§ **TASK PROMPT**
Below, some lines carry pictures; leave those pictures out and retype exactly the lines from the one with "To always allow" through the one with "In this video, we".

§ **Stored data entries**
☆ ☆ ☆ ☆ ☆ ☆ ☆

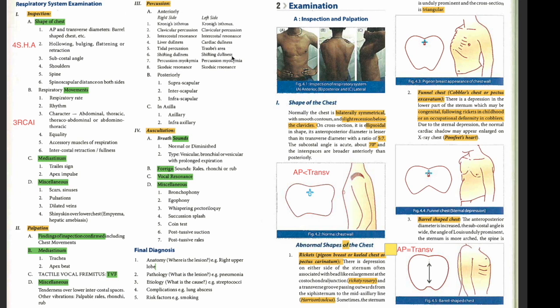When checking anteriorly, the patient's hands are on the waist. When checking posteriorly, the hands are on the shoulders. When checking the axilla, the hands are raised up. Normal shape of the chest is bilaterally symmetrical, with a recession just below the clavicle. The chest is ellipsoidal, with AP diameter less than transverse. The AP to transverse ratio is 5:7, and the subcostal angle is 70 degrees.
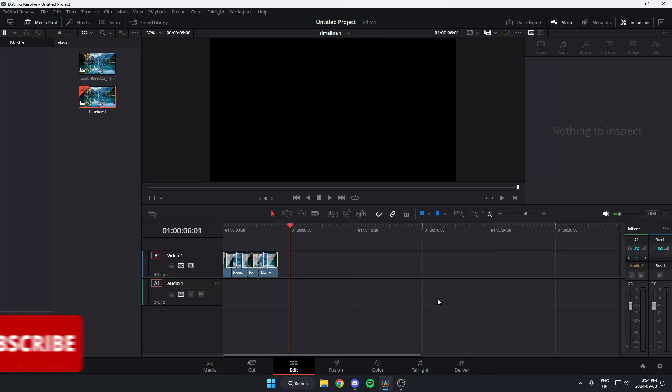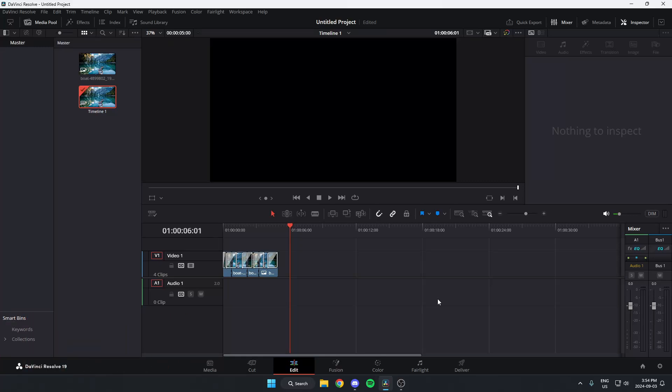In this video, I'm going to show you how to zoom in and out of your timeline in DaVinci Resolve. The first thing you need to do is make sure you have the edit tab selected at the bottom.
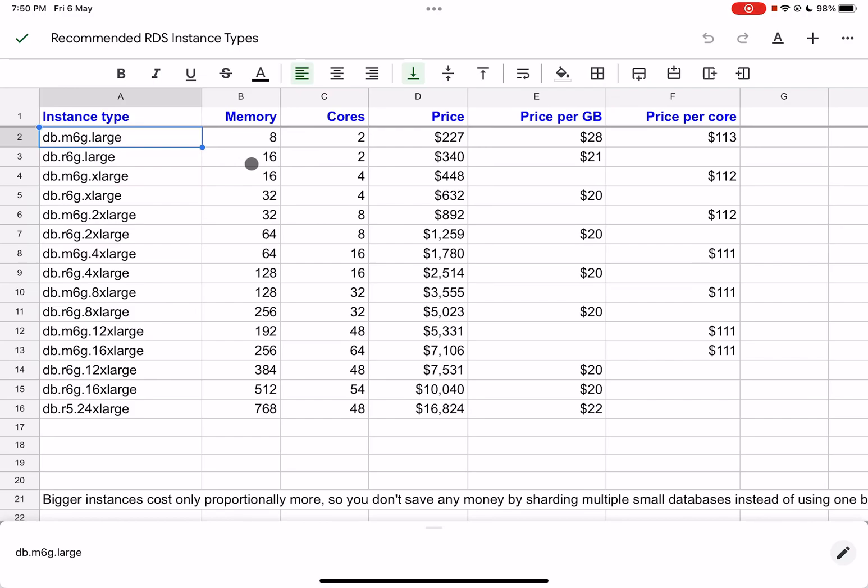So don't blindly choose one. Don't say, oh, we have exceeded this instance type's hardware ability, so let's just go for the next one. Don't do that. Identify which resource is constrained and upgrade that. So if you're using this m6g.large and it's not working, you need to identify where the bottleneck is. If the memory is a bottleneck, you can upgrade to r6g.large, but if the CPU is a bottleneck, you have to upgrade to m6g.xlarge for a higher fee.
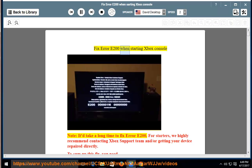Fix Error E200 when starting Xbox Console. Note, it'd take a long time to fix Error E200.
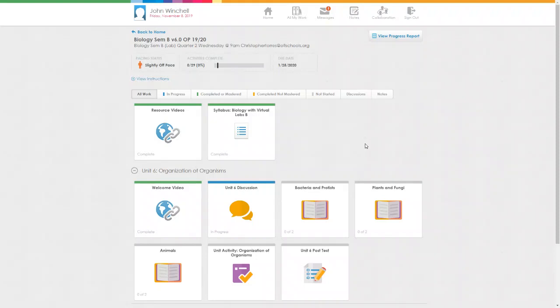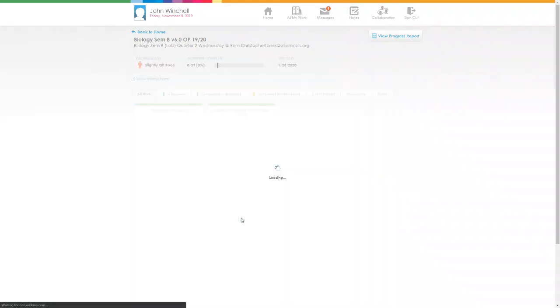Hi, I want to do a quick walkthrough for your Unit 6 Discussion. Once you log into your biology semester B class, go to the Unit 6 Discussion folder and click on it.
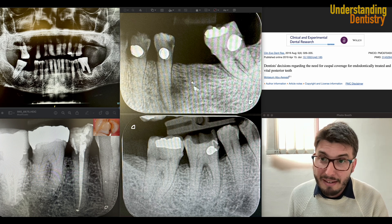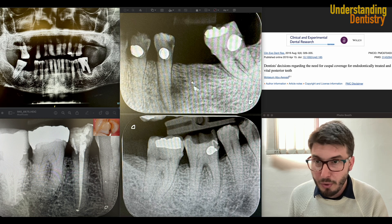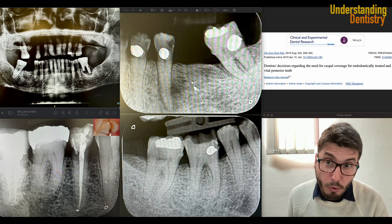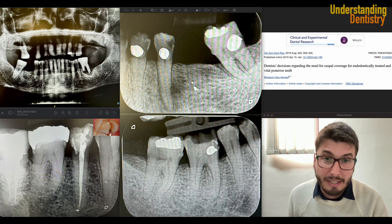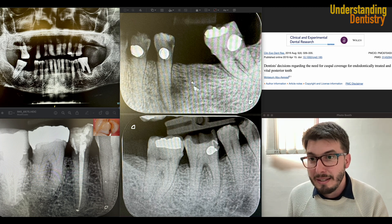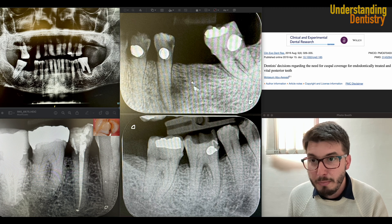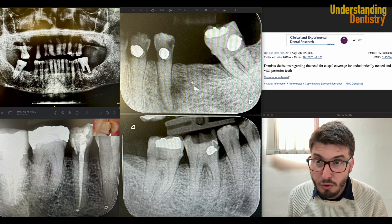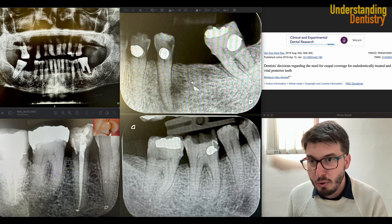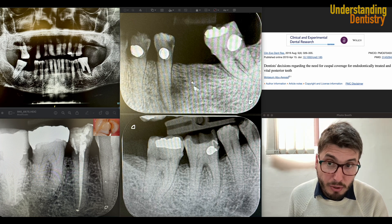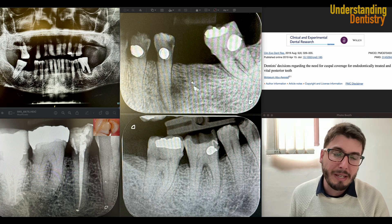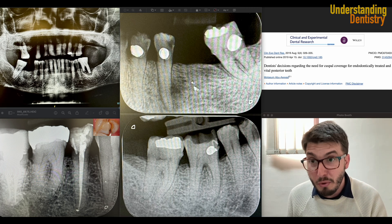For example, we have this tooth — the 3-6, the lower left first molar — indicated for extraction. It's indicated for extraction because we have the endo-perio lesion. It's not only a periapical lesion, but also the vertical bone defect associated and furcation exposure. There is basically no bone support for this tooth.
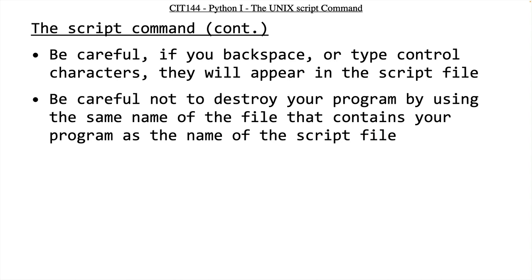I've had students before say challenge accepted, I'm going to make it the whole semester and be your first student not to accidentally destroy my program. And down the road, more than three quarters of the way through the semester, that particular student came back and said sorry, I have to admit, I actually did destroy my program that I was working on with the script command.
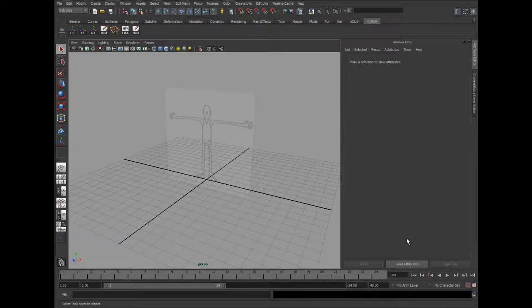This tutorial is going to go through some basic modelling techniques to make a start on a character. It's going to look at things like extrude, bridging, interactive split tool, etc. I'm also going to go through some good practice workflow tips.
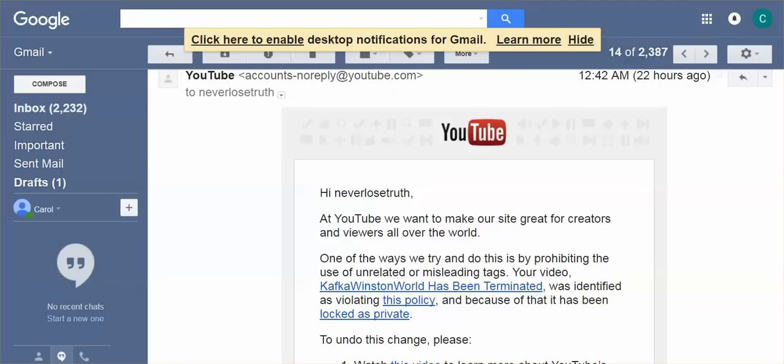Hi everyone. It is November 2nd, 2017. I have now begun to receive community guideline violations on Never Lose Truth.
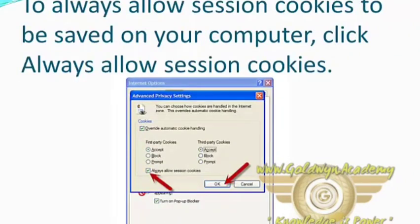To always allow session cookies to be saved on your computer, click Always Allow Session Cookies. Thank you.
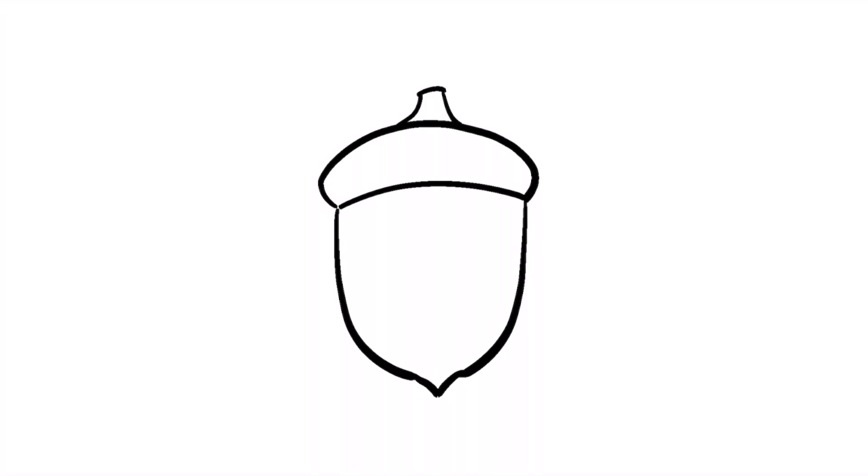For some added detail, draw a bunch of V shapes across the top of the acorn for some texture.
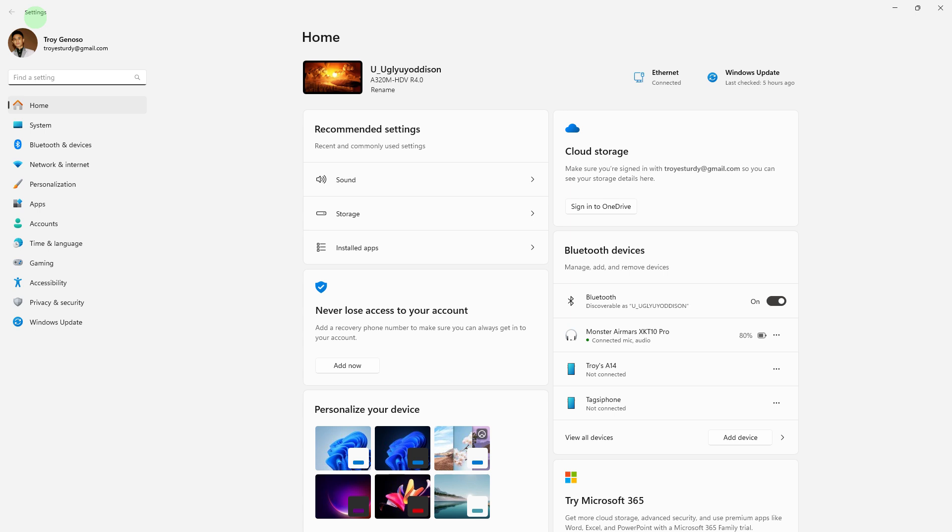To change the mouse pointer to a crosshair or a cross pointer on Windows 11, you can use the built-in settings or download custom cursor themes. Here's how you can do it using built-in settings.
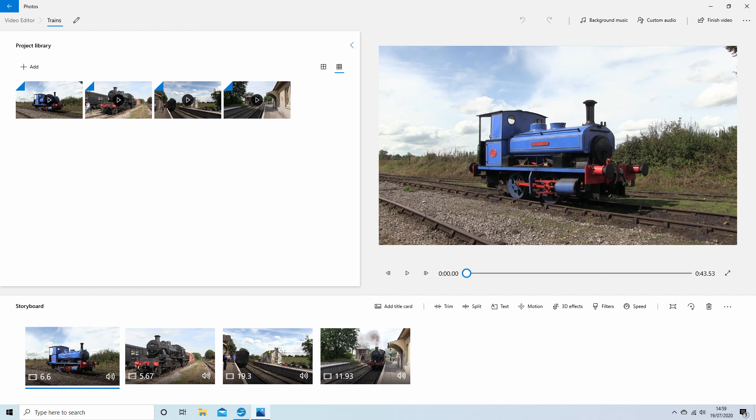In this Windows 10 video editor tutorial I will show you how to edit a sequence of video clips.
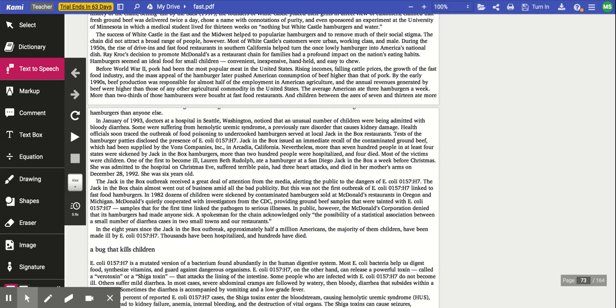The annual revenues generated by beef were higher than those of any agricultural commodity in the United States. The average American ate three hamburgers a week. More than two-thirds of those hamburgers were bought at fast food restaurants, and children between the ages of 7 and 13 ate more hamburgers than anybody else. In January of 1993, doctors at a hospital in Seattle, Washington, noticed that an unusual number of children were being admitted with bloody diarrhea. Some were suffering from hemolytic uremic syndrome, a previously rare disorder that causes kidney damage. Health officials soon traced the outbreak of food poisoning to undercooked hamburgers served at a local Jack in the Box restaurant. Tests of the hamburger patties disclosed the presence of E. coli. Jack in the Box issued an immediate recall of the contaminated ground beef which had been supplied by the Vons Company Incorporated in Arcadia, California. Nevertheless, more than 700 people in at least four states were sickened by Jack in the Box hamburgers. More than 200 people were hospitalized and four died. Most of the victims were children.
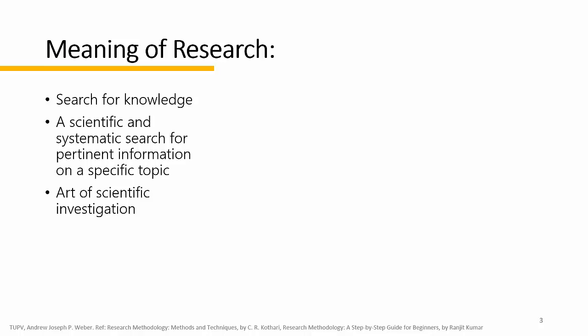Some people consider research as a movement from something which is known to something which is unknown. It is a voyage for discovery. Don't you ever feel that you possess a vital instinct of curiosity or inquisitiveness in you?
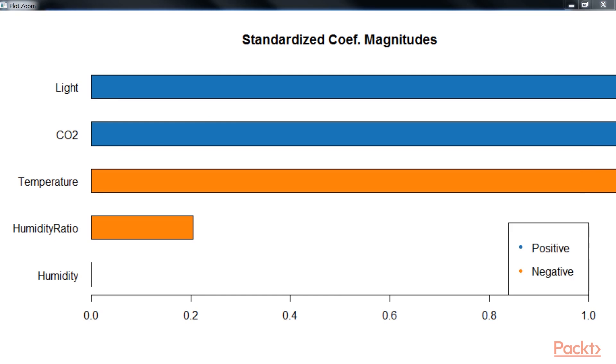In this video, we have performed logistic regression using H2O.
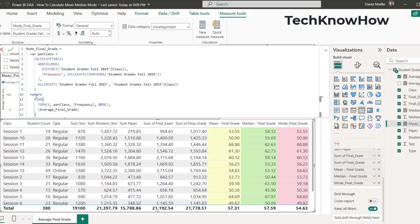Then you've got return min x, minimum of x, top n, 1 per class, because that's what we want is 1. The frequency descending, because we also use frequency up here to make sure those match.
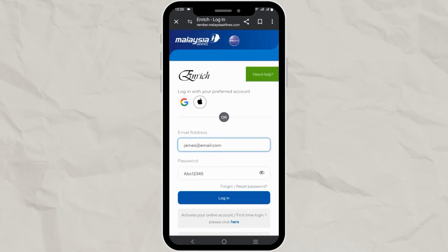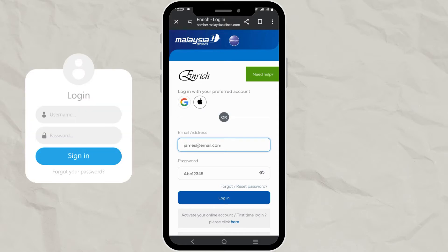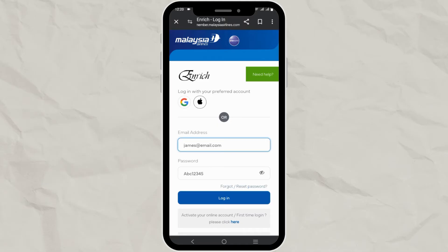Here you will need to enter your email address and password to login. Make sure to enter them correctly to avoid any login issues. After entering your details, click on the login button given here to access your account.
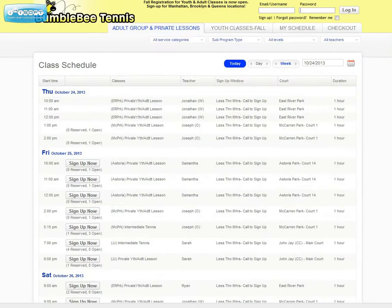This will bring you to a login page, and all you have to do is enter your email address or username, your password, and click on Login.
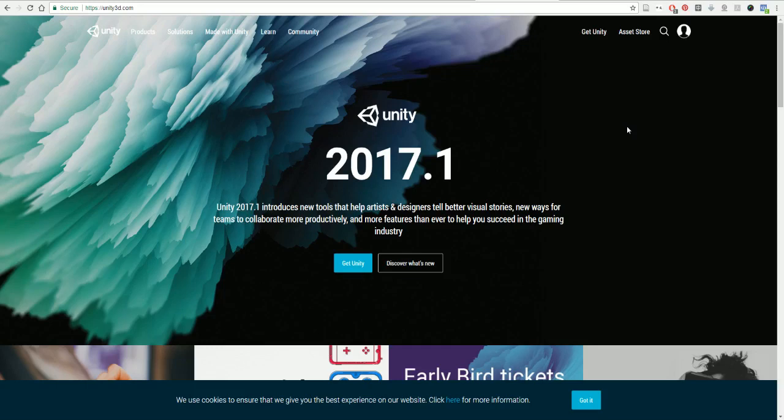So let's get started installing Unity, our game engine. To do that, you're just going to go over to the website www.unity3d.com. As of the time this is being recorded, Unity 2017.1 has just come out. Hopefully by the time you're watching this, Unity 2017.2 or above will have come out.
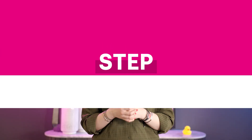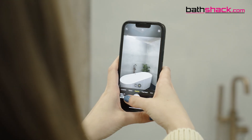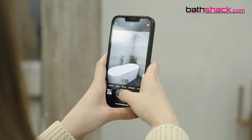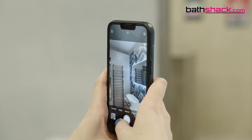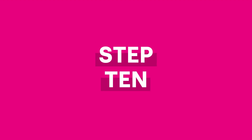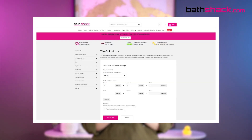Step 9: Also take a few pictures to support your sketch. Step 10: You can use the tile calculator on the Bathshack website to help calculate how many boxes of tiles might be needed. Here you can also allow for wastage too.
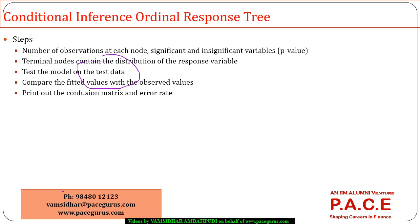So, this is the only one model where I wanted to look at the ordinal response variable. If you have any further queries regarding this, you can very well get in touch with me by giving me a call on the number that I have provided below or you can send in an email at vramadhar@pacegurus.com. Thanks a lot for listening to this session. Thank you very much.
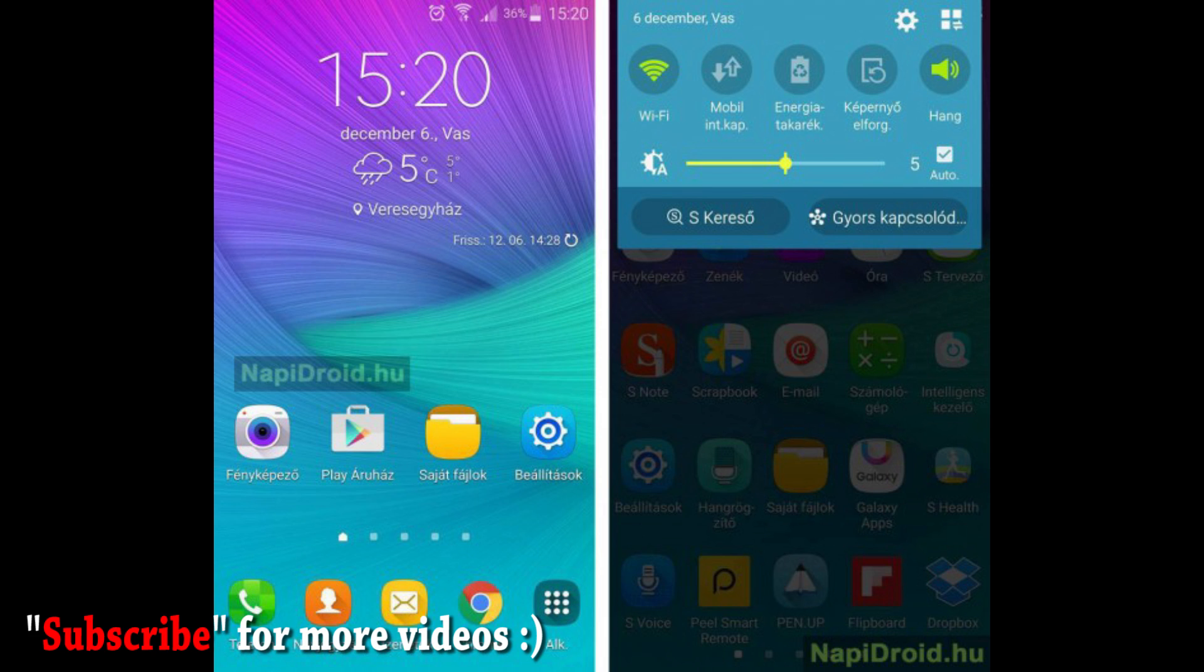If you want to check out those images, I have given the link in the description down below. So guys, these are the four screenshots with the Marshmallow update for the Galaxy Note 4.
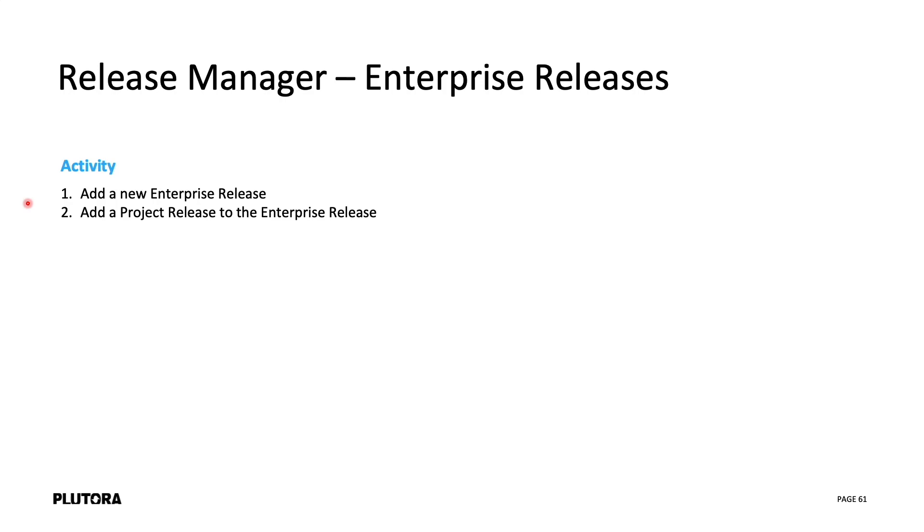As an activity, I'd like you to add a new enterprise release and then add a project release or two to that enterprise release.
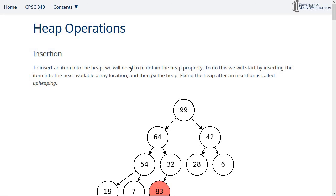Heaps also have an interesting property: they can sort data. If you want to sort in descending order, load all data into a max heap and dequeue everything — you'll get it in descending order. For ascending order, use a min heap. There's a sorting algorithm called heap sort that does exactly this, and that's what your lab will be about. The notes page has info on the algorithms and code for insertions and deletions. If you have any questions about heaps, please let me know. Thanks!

☆ ☆ ☆ ☆ ☆ ☆ ☆

§ **SOLUTION**
To always allow session cookies to be saved on your computer, click Always Allow Session Cookies. Thank you.
For some added detail, draw a bunch of V shapes across the top of the acorn for some texture.
To change the mouse pointer to a crosshair or a cross pointer on Windows 11, you can use the built-in settings or download custom cursor themes. Here's how you can do it using built-in settings.
In this Windows 10 video editor tutorial I will show you how to edit a sequence of video clips.
The annual revenues generated by beef were higher than those of any agricultural commodity in the United States. The average American ate three hamburgers a week. More than two-thirds of those hamburgers were bought at fast food restaurants, and children between the ages of 7 and 13 ate more hamburgers than anybody else. In January of 1993, doctors at a hospital in Seattle, Washington, noticed that an unusual number of children were being admitted with bloody diarrhea. Some were suffering from hemolytic uremic syndrome, a previously rare disorder that causes kidney damage. Health officials soon traced the outbreak of food poisoning to undercooked hamburgers served at a local Jack in the Box restaurant. Tests of the hamburger patties disclosed the presence of E. coli. Jack in the Box issued an immediate recall of the contaminated ground beef which had been supplied by the Vons Company Incorporated in Arcadia, California. Nevertheless, more than 700 people in at least four states were sickened by Jack in the Box hamburgers. More than 200 people were hospitalized and four died. Most of the victims were children.
Some people consider research as a movement from something which is known to something which is unknown. It is a voyage for discovery. Don't you ever feel that you possess a vital instinct of curiosity or inquisitiveness in you?
In this video, we have performed logistic regression using H2O.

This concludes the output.